Most scientific research can lead to the conclusion that the stand-off distance, cutting speed and the water pressure have a deciding influence on the surface roughness and kerf angle after abrasive water jet cutting. However, many works lead to contradictory conclusions. Most papers have not focused on the influence of cutting depth on surface roughness and waviness, especially for Inconel 718 alloy. There are no available models of surface roughness and waviness and kerf angle for Inconel 718 alloy, which would take into account not only the process parameters but also the depth of cut and the height of the workpiece without dividing the machined surface into zones.
The purpose of this study was to conduct a comprehensive experimental investigation of the AWJ process of Inconel 718 alloy using variable process parameters such as cutting speed, abrasive mass flow rate, cutting height and depth of cut. Based on the results of the study, empirical models were developed for the roughness parameters Ra and Rz, waviness parameters Wa and Wt and kerf angle as a function of variable process parameters. The developed models allow determination of the surface roughness and waviness and kerf angle at any depth of cut.

2. Materials and Methods

The tests were carried out on a KNUTH Hydro-Jet Eco 0615 cutting machine manufactured by KNUTH Werkzeugmaschinen GmbH, Wasbek, Germany equipped with a multiplier pump. The water pressure was 250 MPa. The abrasive was supplied through a belt system. The focusing nozzle had a diameter of 0.3 mm and the cutting nozzle had a length of 80 mm and a diameter of 0.76 mm. The stand-off distance value was equal to 1.5 mm. The abrasive used was Garnet 80. The variable parameters of the cutting process were the cutting speed, abrasive flow rate and the height of the workpiece. The constant and variable cutting parameters are listed in Table 1. A view of the machine workspace is shown in Figure 1. The cutting was carried out in one axis, always in the same direction.
The test samples were made of Inconel 718 alloy. Nine test specimens were made, and each sample had five sections from S1 to S5 with different cut heights h (Figure 2). The first section S1 had a height of 2 mm, and each following section was 2 mm higher.
The experimental research was carried out according to a complete two-factor plan with three variables. During the experimental tests, nine parallel cuts were machined with an abrasive water jet at a distance of 5 mm. As a result, nine test specimens denoted from W1 to W9 were cut with variable process parameters according to Table 2. The third variable parameter of the cutting was the height of the workpiece h, which resulted from the variable geometry of each sample. Each sample was divided into sections from S1 to S5 with increasing cut height.
After each sample was cut, the measurements of the selected surface topography parameters Ra, Rz, Wa and Wt were conducted. Ra is the arithmetic mean height of profile roughness, Rz describes the maximum height of profile roughness, Wa is the arithmetic mean height of profile waviness and Wt describes total height of profile waviness.

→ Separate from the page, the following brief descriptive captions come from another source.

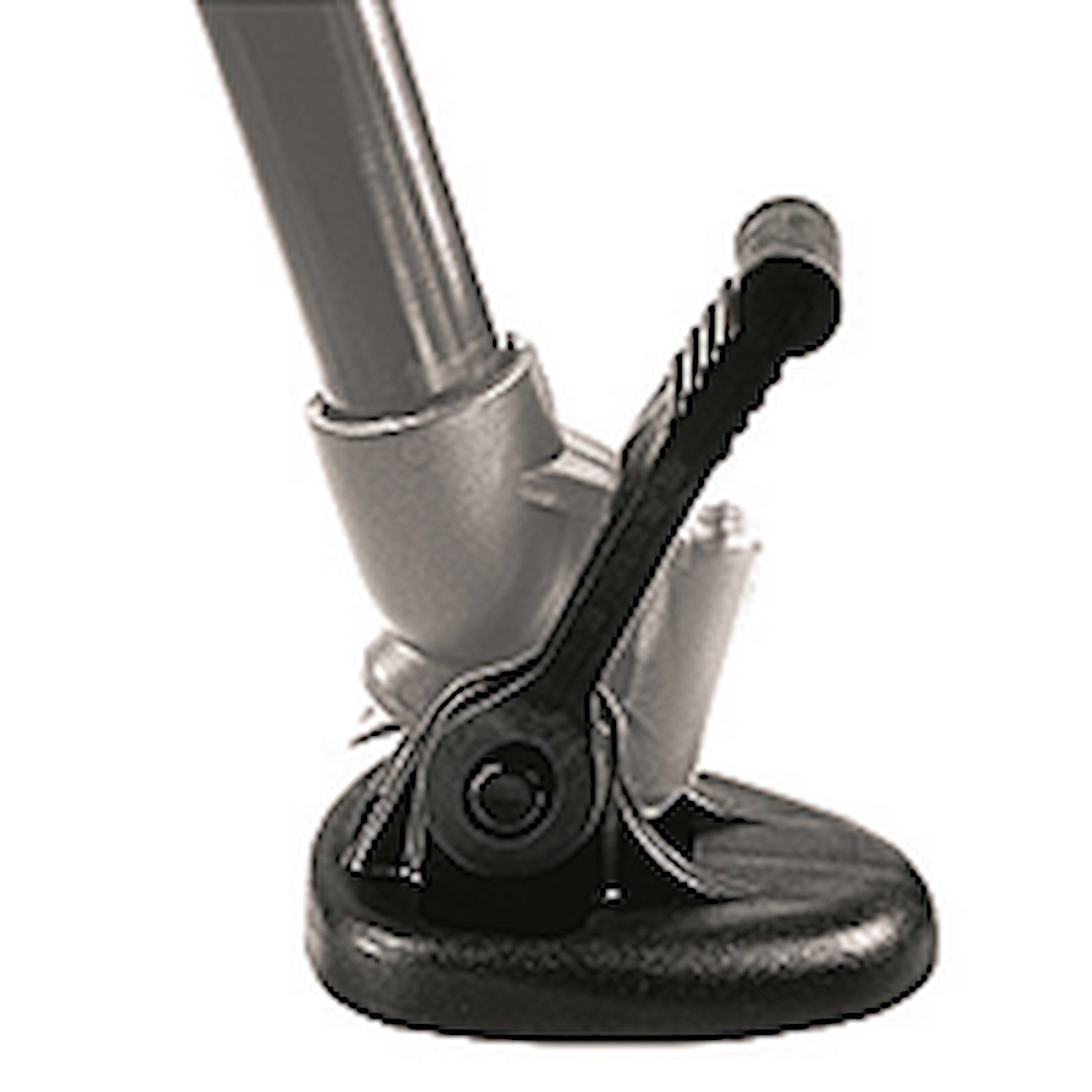 Manfrotto 565 gumitalp kompatibilis, kettős tüskéjű állványlábra szerelve; az állvány nem tartozék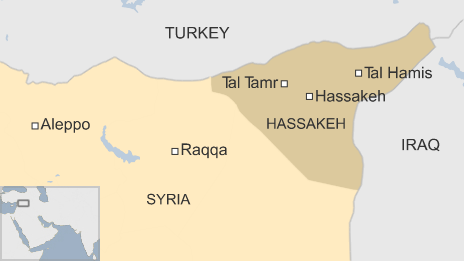 Map showing Tal Tamr and Hassakeh province in Syria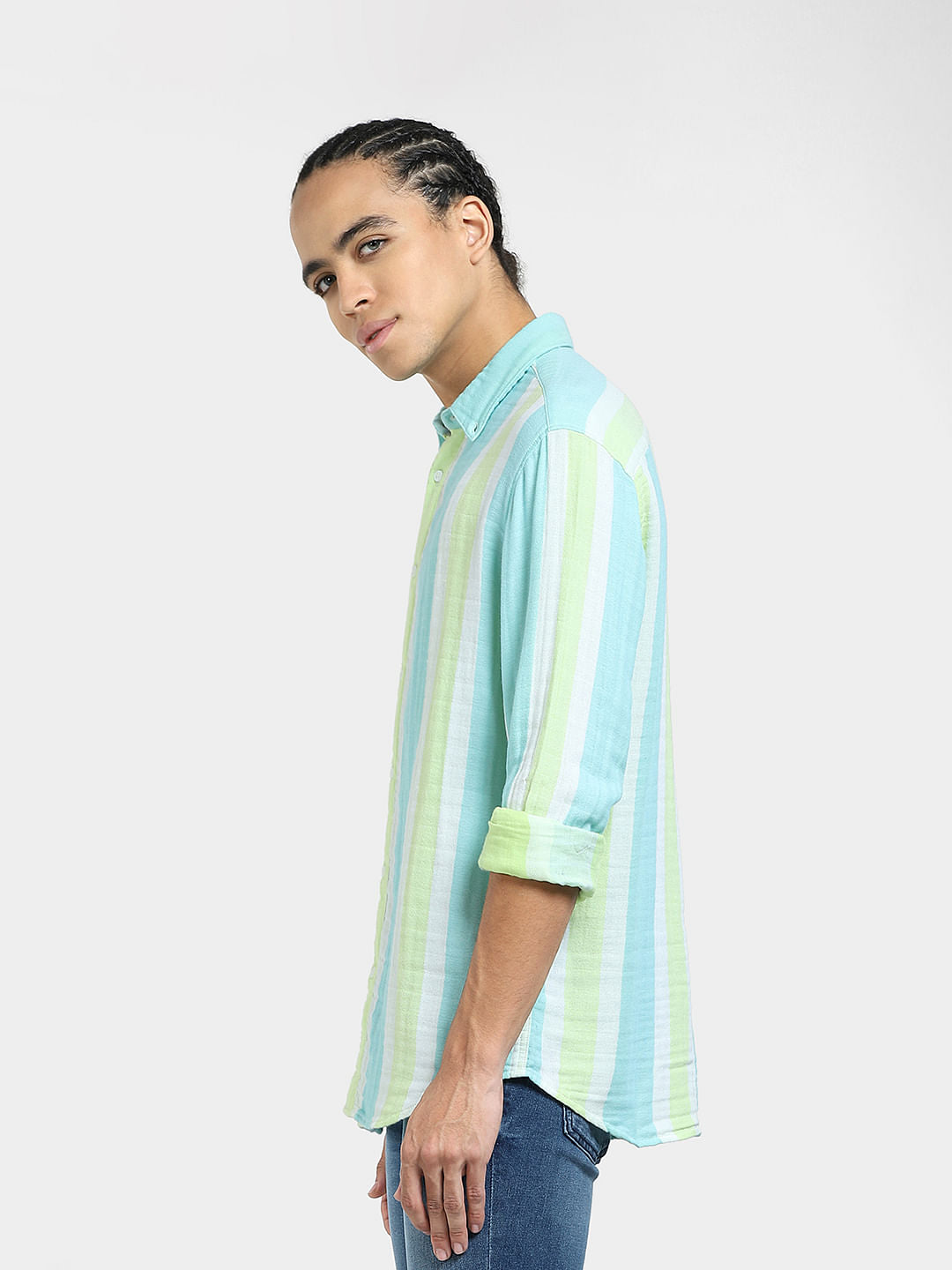 Sky Blue Striped Full Sleeves Shirt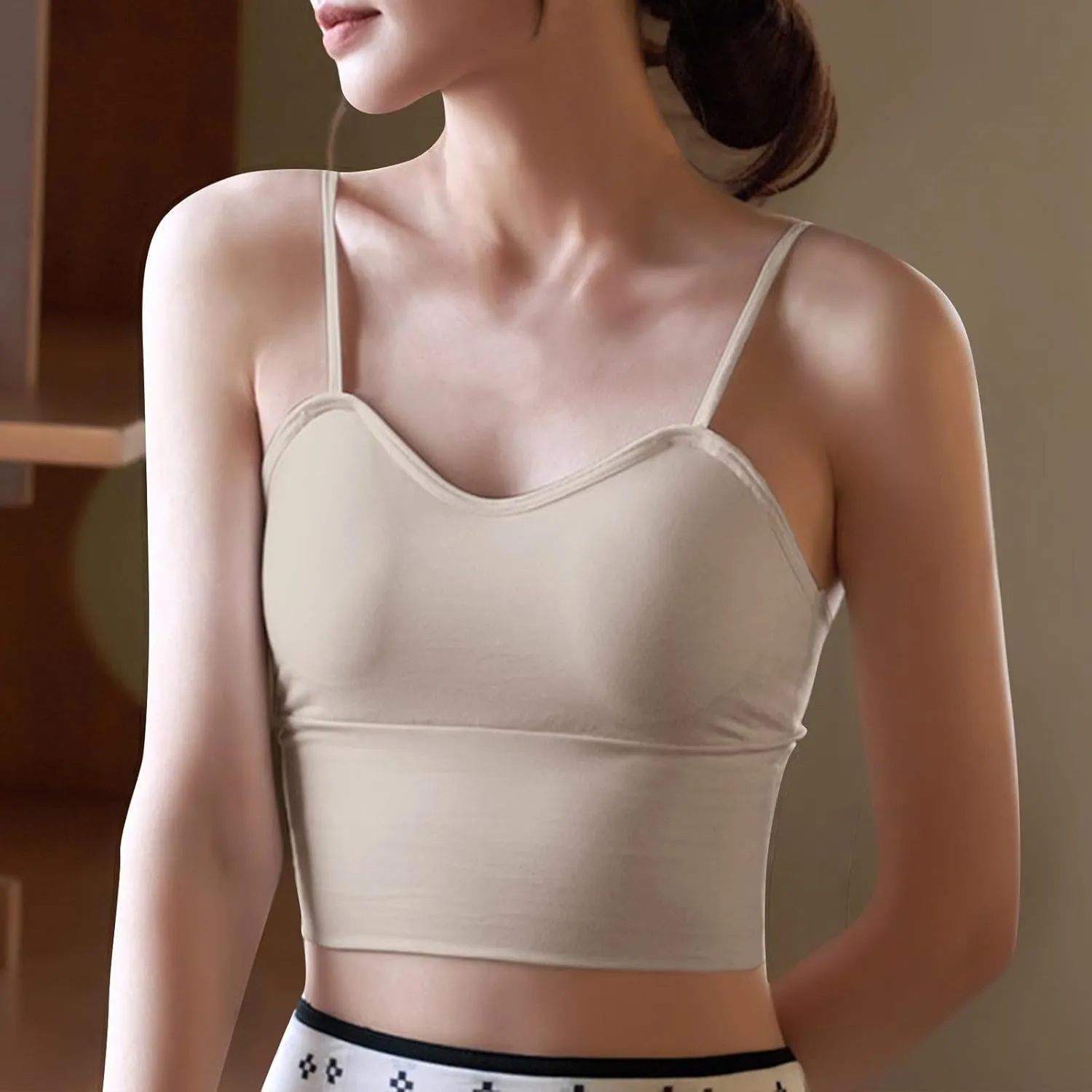 Bra Cami Tank with Built in Bra Sleeveless Lightweight Summer Cooling Tanks Tops V Neck Padded Undershirts for Women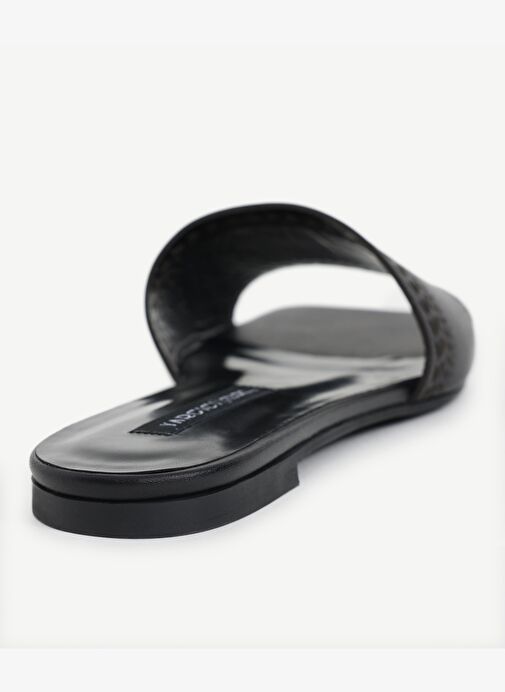 Lazer Kesim Deri Düz Terlik - Görsel 5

For each sample and each section, the surface roughness and waviness parameters were measured, starting from a cutting depth of 0.3 mm with a step of 0.5 mm, until the end of the sample. This way, the results of surface roughness and waviness were obtained as a function of cutting speed, abrasive flow rate, height of the workpiece and actual depth of cut ap. The ap depth of cut parameter is the result of the adopted experimental methodology and is the depth at which the roughness and waviness of the surface were measured at the height of the workpiece. Measurement of surface topography was performed with contact method using the MahrSurf GD 120 profilometer by Mahr GmbH, Goettingen, Germany.
The kerf was measured using a Dino Lite AM7915MZT digital microscope. Measurements of the upper and lower kerf sizes were carried out using the dedicated DinoCapture 2.0 software.

3. Results and Discussion

3.1. Influence of Cutting Height on Surface Topography

Each test sample contained five sections differing in material thickness and the height of the cut h. In each section, the roughness and waviness parameters were measured, from a depth of 0.3 mm, with a step of 0.5 mm. The height at which the surface topography parameters were measured corresponded to the actual cutting depth ap. Section S5 of each sample had cutting areas from the full range of cutting depths ap, from 0 to 10 mm.
The purpose of the analysis was to investigate the significance of the influence of the sample height on the surface topography obtained at each cutting depth. Accordingly, for each of the nine samples, models were developed for the roughness parameters Ra and Rz and the waviness Wa and Wt as a function of the height of the workpiece h and the current cut depth (depth of measurement). Then, an ANOVA analysis of the obtained models was performed to determine the significance of the effect of these two parameters. Table 3 shows the values of the contribution of the workpiece height parameter h in each model. When the significance level of the parameter h was less than 0.05, the contribution did not occur.
From the data presented in Table 3, it can be seen that the influence of the height of the workpiece h on the roughness and waviness of the surface is marginal. In almost half of the models obtained, the parameter h is not present at all, which means that it is statistically insignificant. In the remaining cases, the level of contribution of height h to the models is only 1–2%. Therefore, it can be concluded that the analysis of section S5 in each test sample is sufficient for the purpose of the surface topography study. Section S5 has a surface with full range of cutting depths, and its analysis is sufficient. Thus, the surface roughness and waviness depend only on the actual depth of cut. The value of roughness and waviness at a given depth of cut does not depend on the total thickness of the material being cut.

3.2. Modelling of Surface Roughness Parameters

Since it has been proven that the height of the workpiece does not affect the surface roughness and waviness at a certain depth of cut, the measurement data obtained from the S5 section of each test sample was obtained to develop the experimental models. Measurement of roughness and waviness parameters was carried out over the entire depth of cut with a step of 0.5 mm. As a consequence, results were obtained for the full range of the tested depths of cut ap.
Mathematical models of the best fit were developed for the two surface roughness parameters Ra and Rz and also the two waviness parameters Wa and Wt. A variance analysis was performed. For each roughness and waviness parameter, an equation was determined, and statistical parameters were determined to evaluate the resulting models. The significance level of α = 0.05 was adopted, so all components of the equations with significance below the accepted level were removed.
First, the surface roughness parameter Ra was analyzed, for which the following equation was obtained:
Ra = 4.91 − 0.0497∙ma + 0.174∙ap + 0.0123∙vf + 0.000338∙ma2 + 0.1128∙ap2 − 0.00929∙ma∙ap − 0.000544∙ma∙vf + 0.02077∙ap∙vf
which fits very well with the experimental data, with the coefficient R2 = 0.84. A graphical representation of the model is shown in Figure 3. Table 4 shows the results of the variance analysis of the developed model.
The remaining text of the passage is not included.